C'est toute notre histoire que nous amenons avec notre nationalité. C'est nos racines. Cela, c'est extrêmement important.

J'ai parlé tout à l'heure de certains partis qui ont un petit peu changé de discours. Je pensais au parti libéral. A l'époque, Mesdames et Messieurs, vous étiez beaucoup plus ouverts et vous étiez d'accord sur la question du droit de vote. Vous l'étiez moins, il est vrai sur le droit d'éligibilité. On vous a dit tout à l'heure que les cantons de Neuchâtel, de Vaud, d'Appenzell Rhodes-Intérieures ont accordé aux étrangers le droit de vote et, certains, même le droit d'éligibilité. Comment vous qui êtes les chantres de l'esprit de Genève, de l'esprit d'ouverture, de l'esprit de tolérance, pouvez-vous vous opposer à cette mesure ? Comment pouvez-vous concilier votre fierté de la Genève internationale avec votre position sur le droit de vote et d'éligibilité des étrangers ? La grande majorité des gens qui font la Genève internationale sont étrangers. Vous tenez un double discours, Mesdames et Messieurs, et, pardonnez-moi de vous le dire, ce soir vous me décevez profondément. (Applaudissements.)

Quant à vous, Monsieur Schifferli, je ne discuterai pas du fond avec vous. Je ne veux même pas parler de vos insultes contre les réfugiés. Elles sont pour moi inacceptables. Je vous dirai seulement une chose : vous dites que ces initiatives ne répondent pas à l'unité de la matière. Eh bien pourtant, en commission législative, Monsieur Schifferli, votre collègue M. Pagan était d'avis que ces deux initiatives étaient conformes tant à l'unité de la matière qu'à l'unité de la forme. Monsieur Pagan, vous vous êtes abstenu, mais vous ne vous êtes pas opposé à cela. C'est donc que ces initiatives - et tout le monde l'a dit - sont recevables.

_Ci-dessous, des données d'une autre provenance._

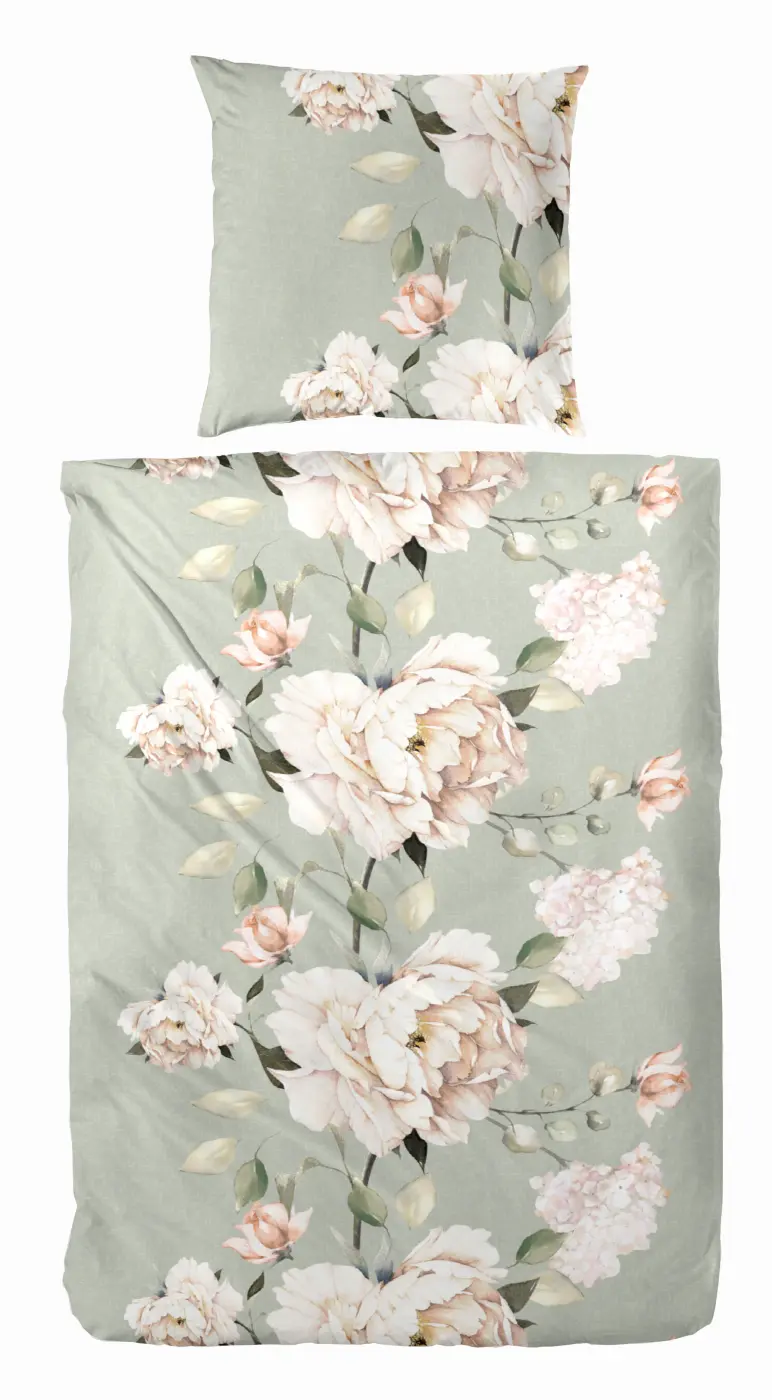 Hahn  Feinbieberbettwäsche 155 x 220 cmfloral grün-rot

Mesdames et Messieurs les députés, Genève ne serait pas ce qu'elle est sans les étrangers. Ces étrangers que vous décriez, vous l'UDC, ont construit nos routes, nos maisons, vous servent dans les restaurants. Vos femmes de ménage sont étrangères. Ces étrangers-là méritent qu'on leur accorde notre reconnaissance. Ils méritent qu'on leur donne le droit de participer au moins aux votations communales. C'est pour cela que je vous demande d'accepter ces initiatives. (Applaudissements.)

M. Pierre Schifferli (UDC). Mme Bolay a indiqué que je m'en serais pris aux réfugiés. Je n'ai pas le souvenir d'avoir mentionné le terme de réfugié dans mon exposé.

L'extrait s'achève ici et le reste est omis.